WORK INSTRUCTION
Type out the lines below exactly, from the first through the line holding "Hi, Rex Croft", and include no pictures.

RECORD SET
──────────────────────────────
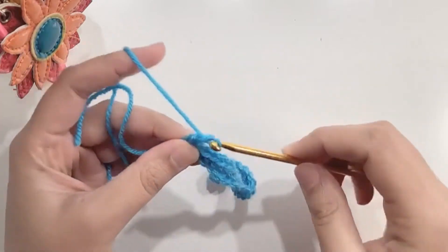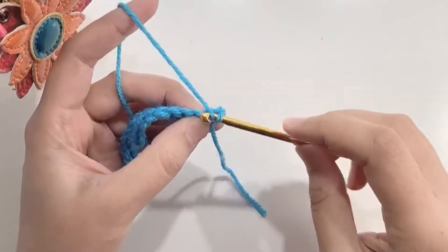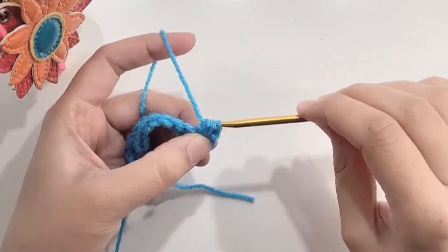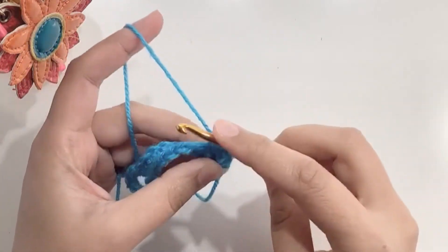At the end of the row, chain one and turn your work. Now in the first two stitches we make a decrease: insert the hook in the first stitch, yarn over pull up a loop, insert the hook in the next stitch, yarn over pull up a loop, yarn over and pull through all three loops. This is your decrease. Now make 22 single crochets in the next 22 stitches.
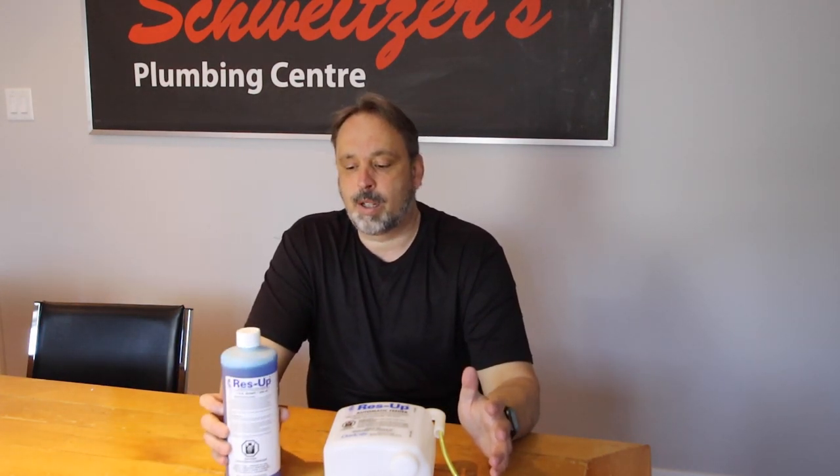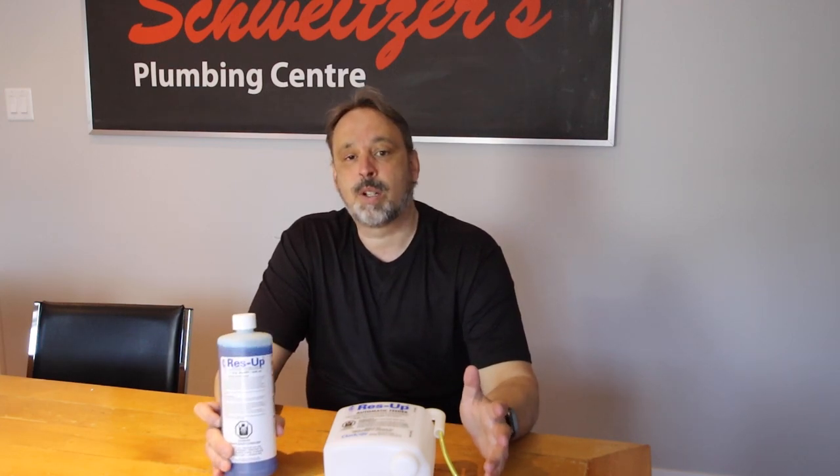This material here is a liquid called Reza. It's a liquid that cleans and lengthens the life of the resin in your water softener. Right beside it we have a feeder for that. You can use this liquid without the feeder, but you have to open it up and pour it in every month — it's very easy to forget. You also have to use a measured amount. The feeder does that automatically for you.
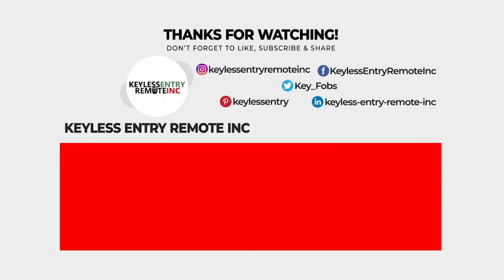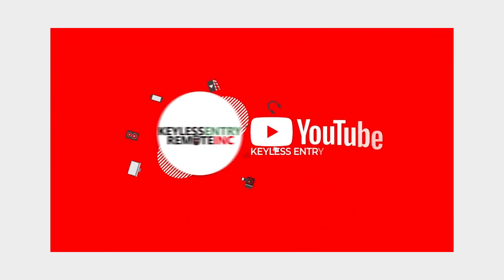If you found this video helpful, please like and subscribe. That way, next time you need a new key fob, you'll know where to go. Keyless Entry Remote Incorporated — we're here for you.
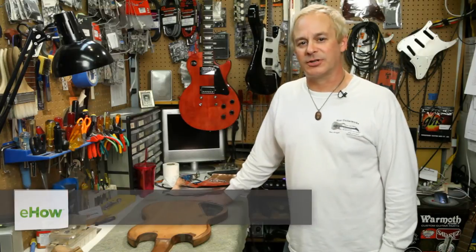Hi, Rex Croft from Rex Guitar Works in San Jose, California. Today I'm going to be showing you how to shield a guitar with copper foil.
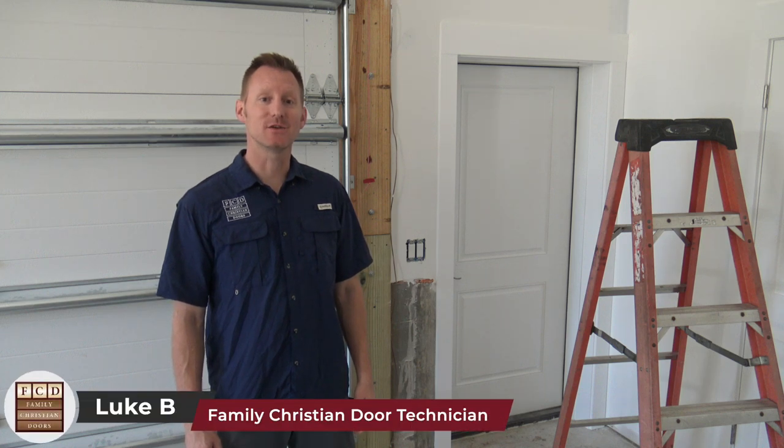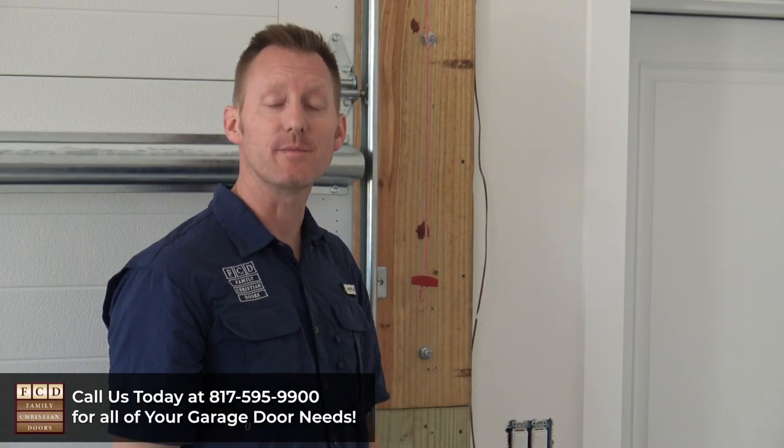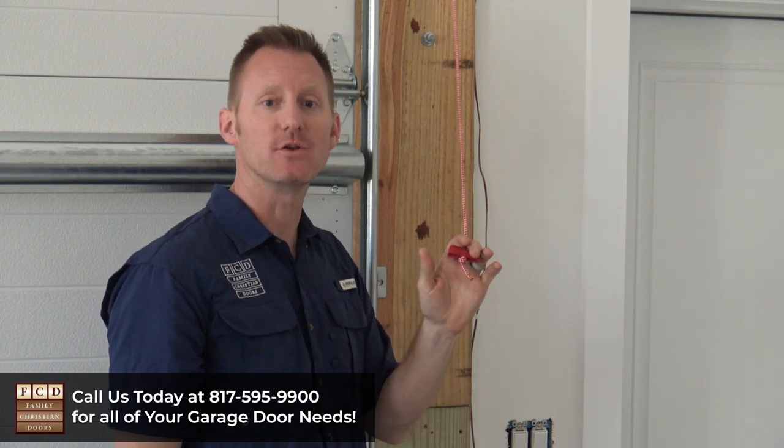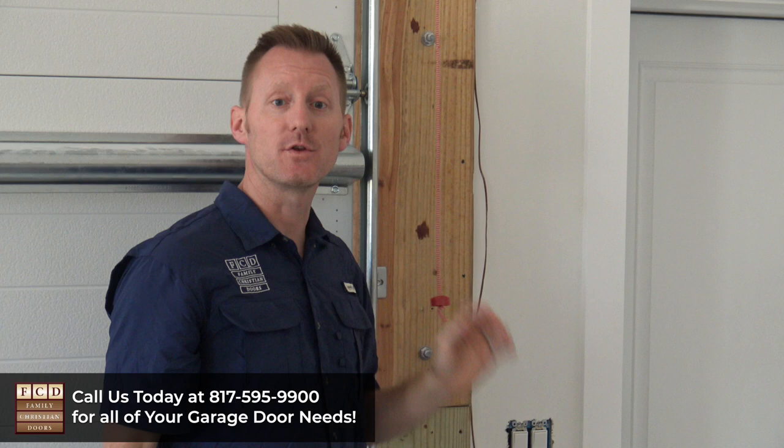Let me show you how to manually release your LiftMaster jack shaft opener so that you can run it by hand. First, locate the pull cord that will be hanging down from the operator. Once you have that, all you're going to do is pull down and you're going to hear it click. Now you can run the door by hand.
──────────────────────────────
EXPECTED ANSWER
At the end of the row, chain one and turn your work. Now in the first two stitches we make a decrease: insert the hook in the first stitch, yarn over pull up a loop, insert the hook in the next stitch, yarn over pull up a loop, yarn over and pull through all three loops. This is your decrease. Now make 22 single crochets in the next 22 stitches.
This material here is a liquid called Reza. It's a liquid that cleans and lengthens the life of the resin in your water softener. Right beside it we have a feeder for that. You can use this liquid without the feeder, but you have to open it up and pour it in every month — it's very easy to forget. You also have to use a measured amount. The feeder does that automatically for you.
If you found this video helpful, please like and subscribe. That way, next time you need a new key fob, you'll know where to go. Keyless Entry Remote Incorporated — we're here for you.
Hi, Rex Croft from Rex Guitar Works in San Jose, California. Today I'm going to be showing you how to shield a guitar with copper foil.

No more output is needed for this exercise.